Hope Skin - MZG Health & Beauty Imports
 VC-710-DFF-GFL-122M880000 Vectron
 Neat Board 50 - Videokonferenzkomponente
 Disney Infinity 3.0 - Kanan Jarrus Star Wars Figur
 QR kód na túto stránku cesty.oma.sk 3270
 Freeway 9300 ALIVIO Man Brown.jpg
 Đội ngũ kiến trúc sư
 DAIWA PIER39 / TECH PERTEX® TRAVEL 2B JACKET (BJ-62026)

◆ ◆ ◆ ◆ ◆ ◆ ◆

# Try it
Extract the complete set of records unchanged.

# Answer section
Hope Skin - MZG Health & Beauty Imports
 VC-710-DFF-GFL-122M880000 Vectron
 Neat Board 50 - Videokonferenzkomponente
 Disney Infinity 3.0 - Kanan Jarrus Star Wars Figur
 QR kód na túto stránku cesty.oma.sk 3270
 Freeway 9300 ALIVIO Man Brown.jpg
 Đội ngũ kiến trúc sư
 DAIWA PIER39 / TECH PERTEX® TRAVEL 2B JACKET (BJ-62026)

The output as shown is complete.